• **Short text fragments from websites**:
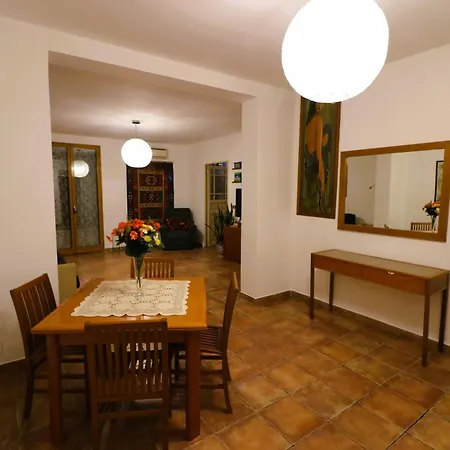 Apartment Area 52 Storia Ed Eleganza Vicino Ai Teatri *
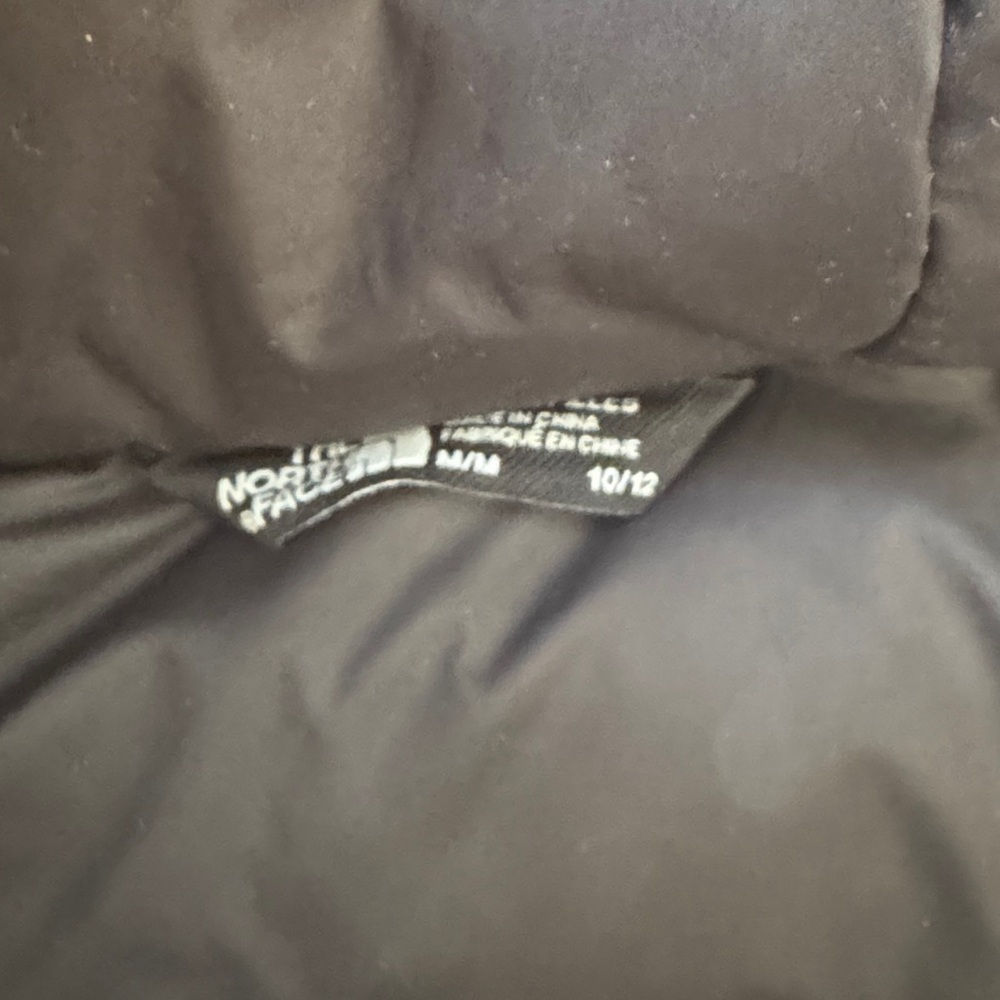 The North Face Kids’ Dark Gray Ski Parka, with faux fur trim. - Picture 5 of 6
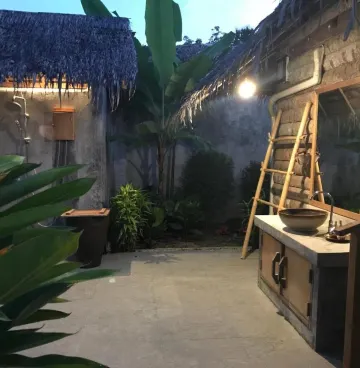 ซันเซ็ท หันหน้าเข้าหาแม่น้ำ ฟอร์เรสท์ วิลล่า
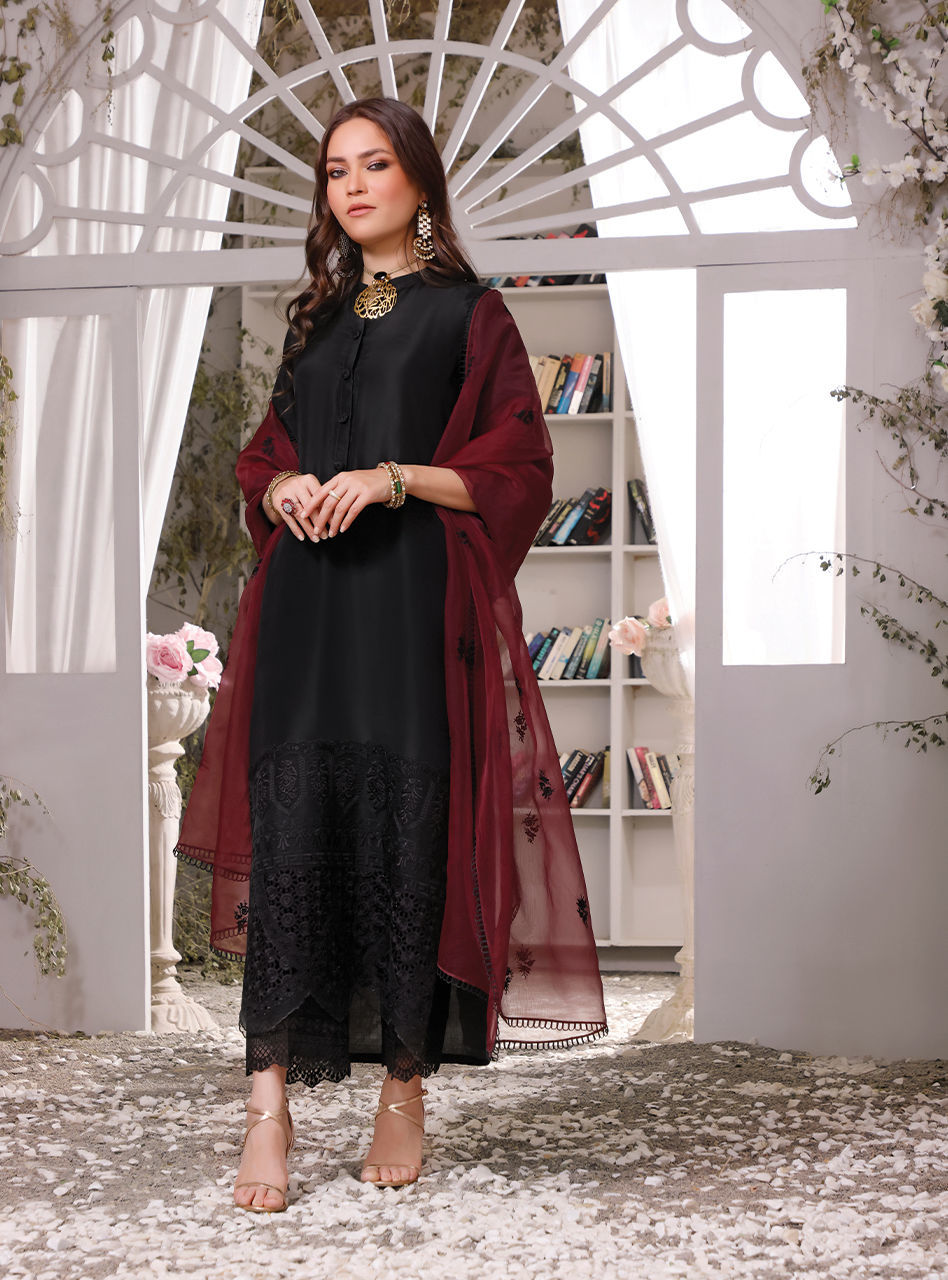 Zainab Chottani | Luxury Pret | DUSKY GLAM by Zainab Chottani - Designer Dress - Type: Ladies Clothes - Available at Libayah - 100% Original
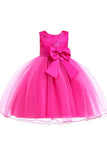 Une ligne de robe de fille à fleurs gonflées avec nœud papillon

• **EXERCISE DIRECTIONS**: Pictures don't belong in the copy. Retype exactly the lines from the one with "The North Face" through the last line of the records.

• **TASK OUTPUT**:
 The North Face Kids’ Dark Gray Ski Parka, with faux fur trim. - Picture 5 of 6
 ซันเซ็ท หันหน้าเข้าหาแม่น้ำ ฟอร์เรสท์ วิลล่า
 Zainab Chottani | Luxury Pret | DUSKY GLAM by Zainab Chottani - Designer Dress - Type: Ladies Clothes - Available at Libayah - 100% Original
 Une ligne de robe de fille à fleurs gonflées avec nœud papillon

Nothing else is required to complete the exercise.